EXTRACTED MATERIAL:

▬▬▬

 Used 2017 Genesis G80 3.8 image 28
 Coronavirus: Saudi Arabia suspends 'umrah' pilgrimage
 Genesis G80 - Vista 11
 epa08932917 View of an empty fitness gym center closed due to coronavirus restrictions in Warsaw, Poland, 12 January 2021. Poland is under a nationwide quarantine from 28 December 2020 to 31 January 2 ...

▬▬▬

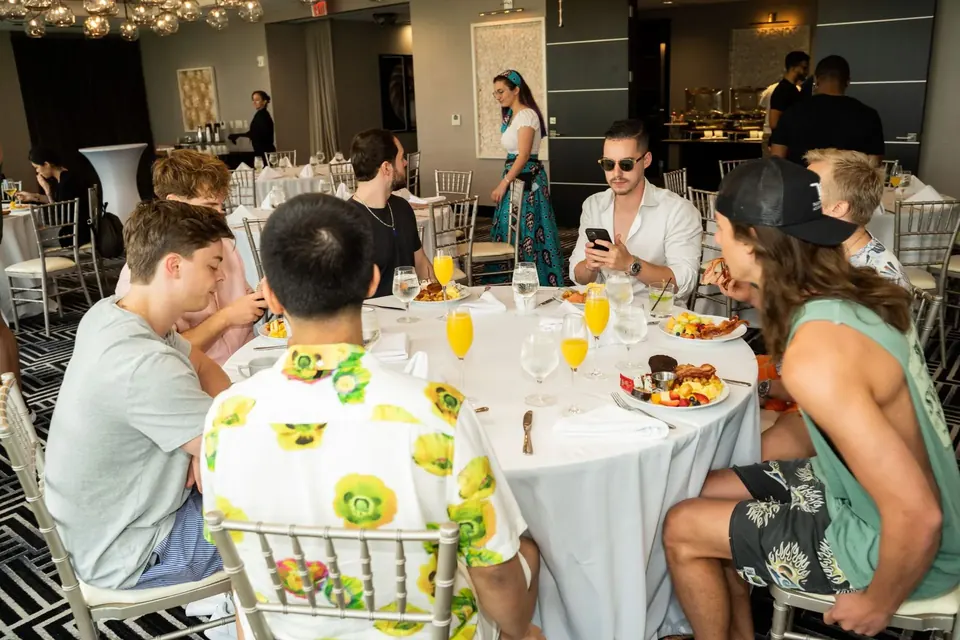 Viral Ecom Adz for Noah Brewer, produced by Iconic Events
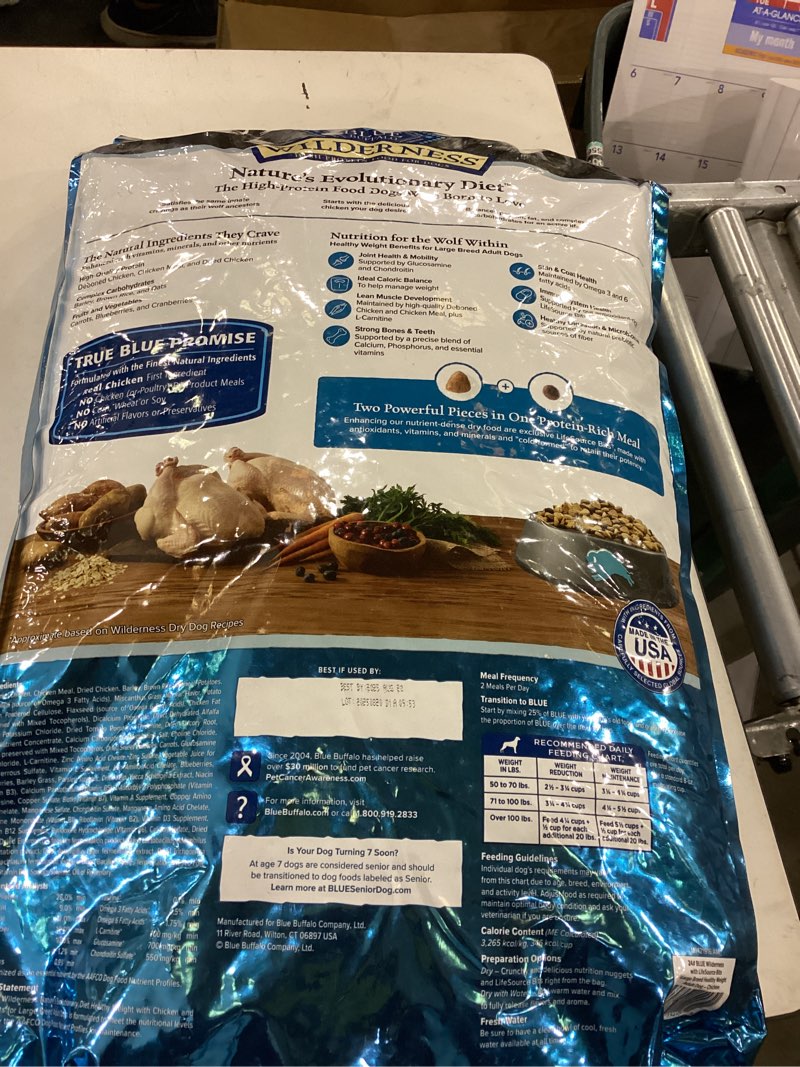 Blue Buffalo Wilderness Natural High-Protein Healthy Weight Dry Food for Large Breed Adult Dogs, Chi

▬▬▬

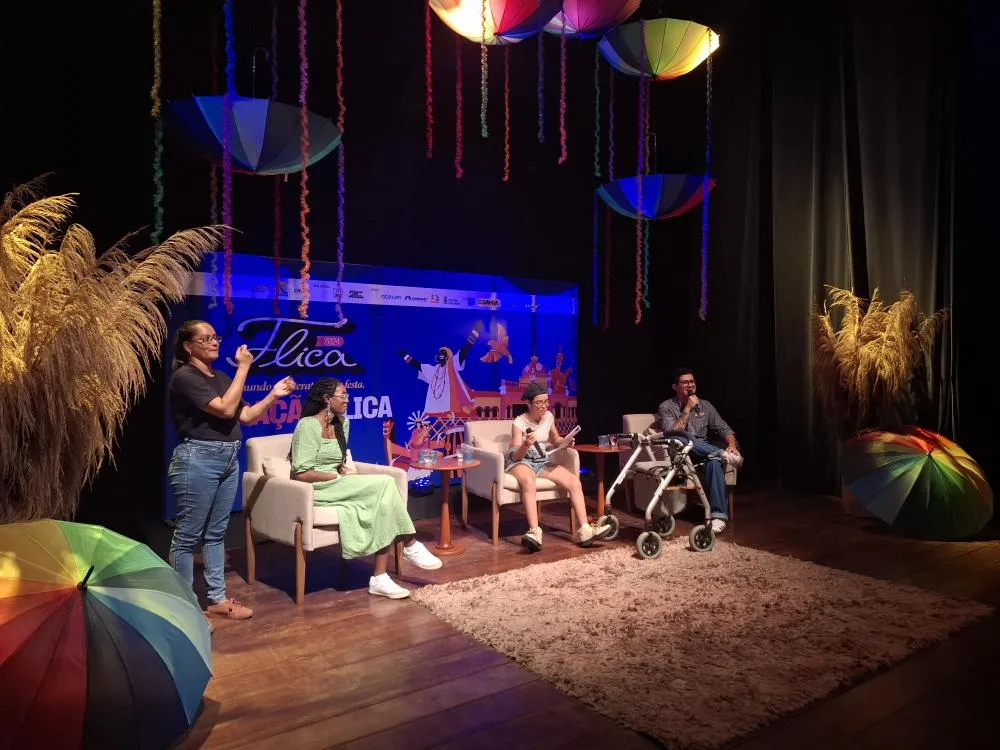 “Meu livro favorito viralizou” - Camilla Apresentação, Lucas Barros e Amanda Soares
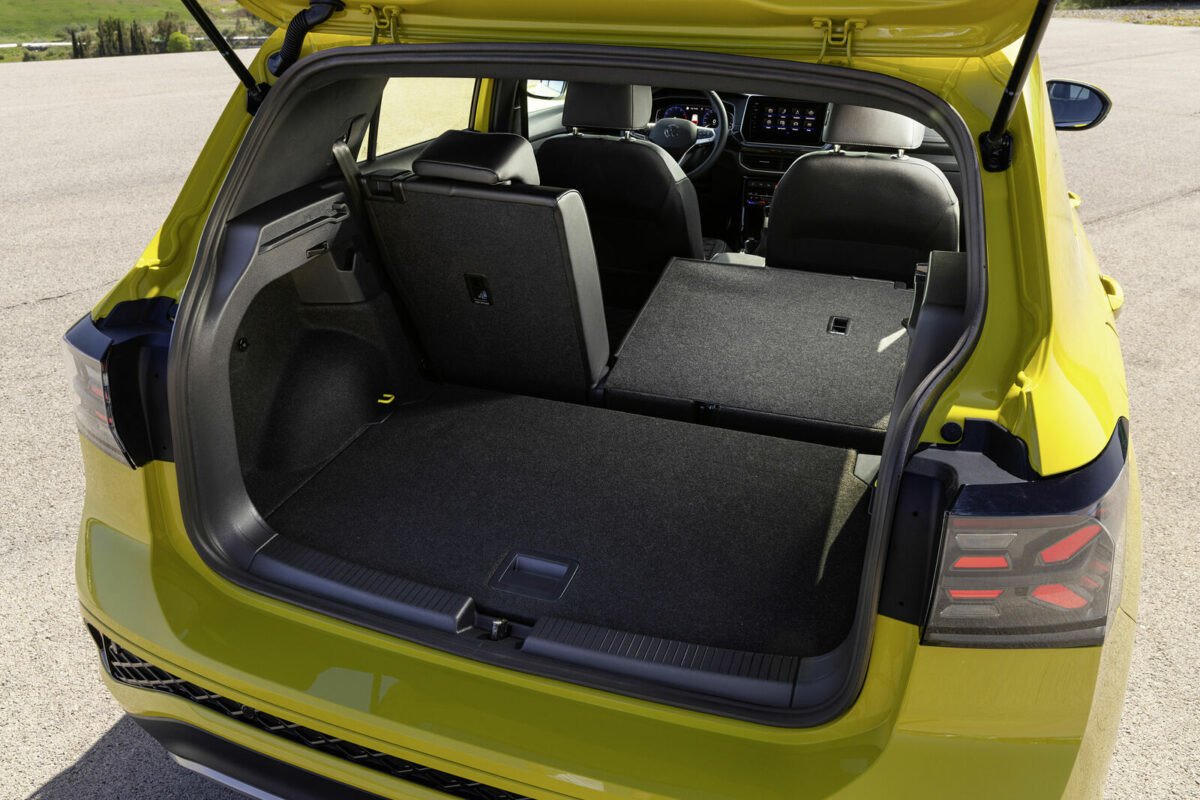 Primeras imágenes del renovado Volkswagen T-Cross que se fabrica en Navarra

▬▬▬

The lines holding the string "Genesis" are what is needed from the material above.

THE ANSWER:
 Used 2017 Genesis G80 3.8 image 28
 Genesis G80 - Vista 11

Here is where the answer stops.